The mother-of-six said she was initially told her daughter could only expect to live to be eight or 10 years old. However, more recently, Claire was told to “start looking for a caregiver” as Kaycee will “most likely outlive her”.

While figures on the number of people in the UK with Batten disease vary, the BDFA (The Batten Disease Family Association) estimate that around 11 to 17 children, young people and adults are diagnosed with some form of the disease. incurable every year.

In an effort to combat the disease, in 2017 St Helens-born Kaycee was one of the first children to receive enzyme treatment on her brain at Great Ormond Street Hospital in London, which she continued to do every two weeks since its first treatment.

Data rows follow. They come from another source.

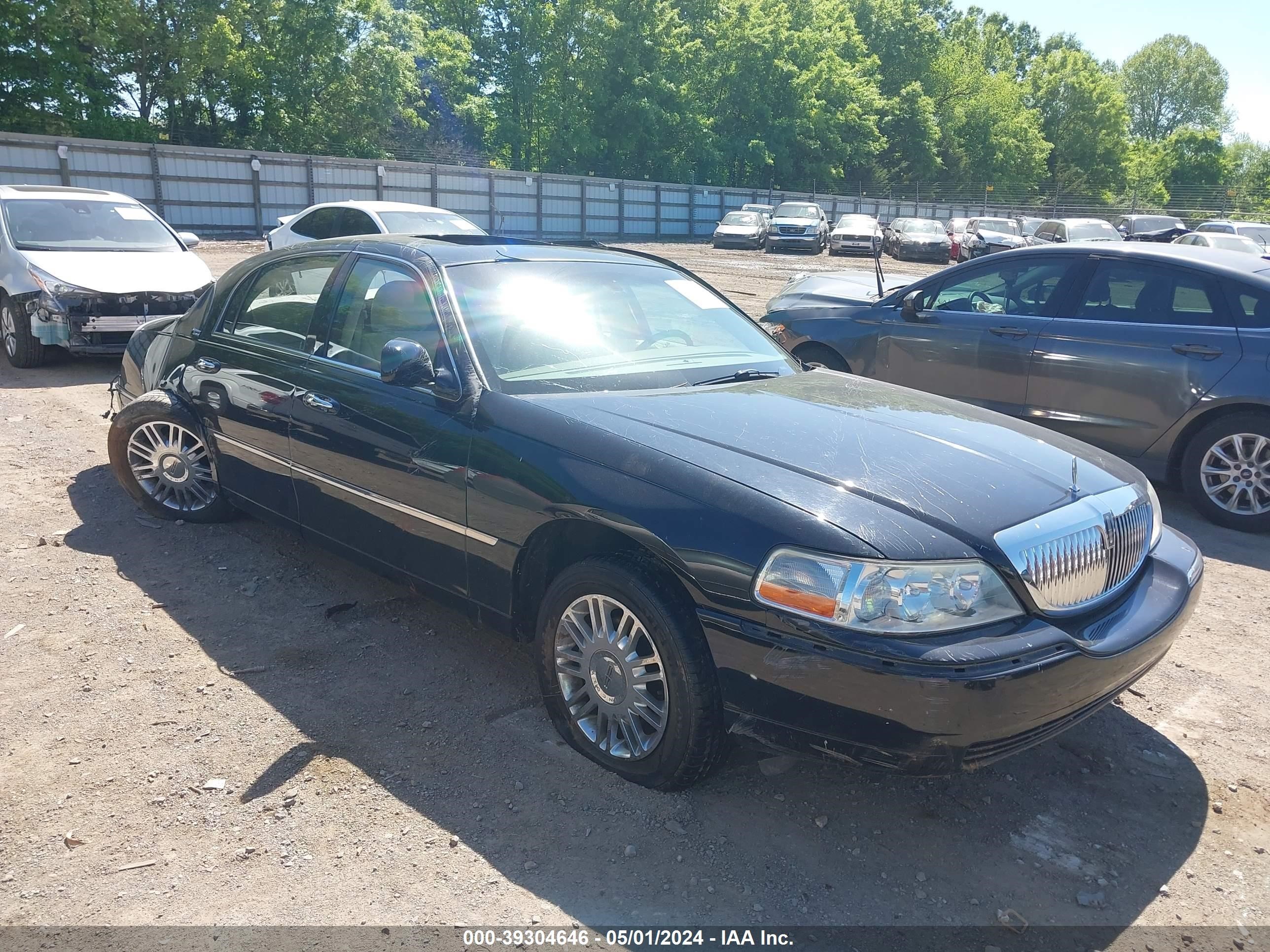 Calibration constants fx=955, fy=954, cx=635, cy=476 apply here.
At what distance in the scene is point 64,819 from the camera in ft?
9.43

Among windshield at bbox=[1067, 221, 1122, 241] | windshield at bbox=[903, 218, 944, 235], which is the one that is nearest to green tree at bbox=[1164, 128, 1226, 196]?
windshield at bbox=[903, 218, 944, 235]

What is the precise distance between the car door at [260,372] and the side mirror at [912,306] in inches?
175

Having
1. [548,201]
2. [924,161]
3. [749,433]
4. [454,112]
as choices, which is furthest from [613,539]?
[924,161]

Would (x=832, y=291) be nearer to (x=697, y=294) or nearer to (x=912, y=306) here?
(x=912, y=306)

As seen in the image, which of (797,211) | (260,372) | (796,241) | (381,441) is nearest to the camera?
(381,441)

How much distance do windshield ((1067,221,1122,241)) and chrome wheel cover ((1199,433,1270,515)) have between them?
64.6 ft

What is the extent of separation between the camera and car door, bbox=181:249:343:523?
168 inches

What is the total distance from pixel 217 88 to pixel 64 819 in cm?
3814

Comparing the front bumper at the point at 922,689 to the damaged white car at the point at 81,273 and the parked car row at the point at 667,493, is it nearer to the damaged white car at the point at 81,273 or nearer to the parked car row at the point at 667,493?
the parked car row at the point at 667,493

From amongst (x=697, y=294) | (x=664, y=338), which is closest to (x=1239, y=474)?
(x=697, y=294)

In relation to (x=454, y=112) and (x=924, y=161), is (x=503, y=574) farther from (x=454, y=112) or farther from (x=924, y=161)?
(x=924, y=161)

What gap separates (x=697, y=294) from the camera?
14.7 feet

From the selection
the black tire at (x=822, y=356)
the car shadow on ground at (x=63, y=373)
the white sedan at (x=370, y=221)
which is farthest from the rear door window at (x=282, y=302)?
the white sedan at (x=370, y=221)

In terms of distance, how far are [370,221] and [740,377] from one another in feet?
31.9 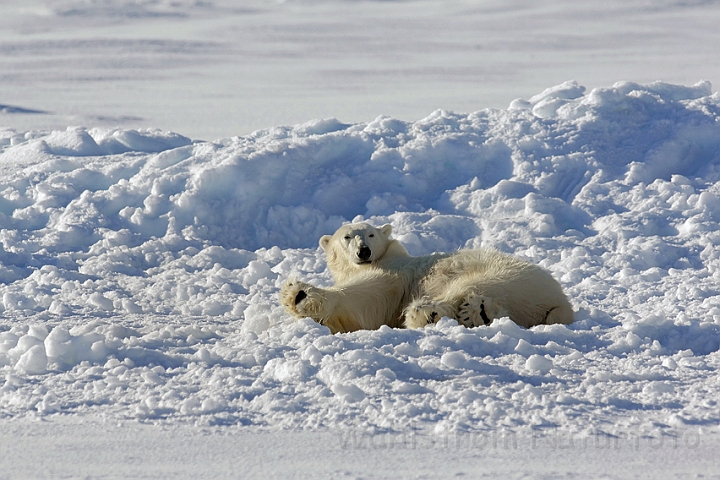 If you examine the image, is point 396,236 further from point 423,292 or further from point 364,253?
point 423,292

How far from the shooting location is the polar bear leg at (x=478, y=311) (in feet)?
13.8

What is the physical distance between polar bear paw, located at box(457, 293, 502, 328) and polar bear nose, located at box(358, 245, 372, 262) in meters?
0.80

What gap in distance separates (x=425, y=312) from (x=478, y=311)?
0.27 m

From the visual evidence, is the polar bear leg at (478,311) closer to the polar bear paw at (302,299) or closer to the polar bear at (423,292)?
the polar bear at (423,292)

Claire says that since her daughter started receiving the treatment five and a half years ago, the results have been “absolutely brilliant”.

Claire told ECHO: “In the world of Batten disease, Kaycee shouldn’t be here right now, but she is. She’s still here, that’s how good it is.

“Kaycee was one of the first children in the UK to receive the treatment we had to fight for. We campaigned so much, we really fought for it and we won in the end, which means that now all children diagnosed with this disease will be able to get treatment immediately.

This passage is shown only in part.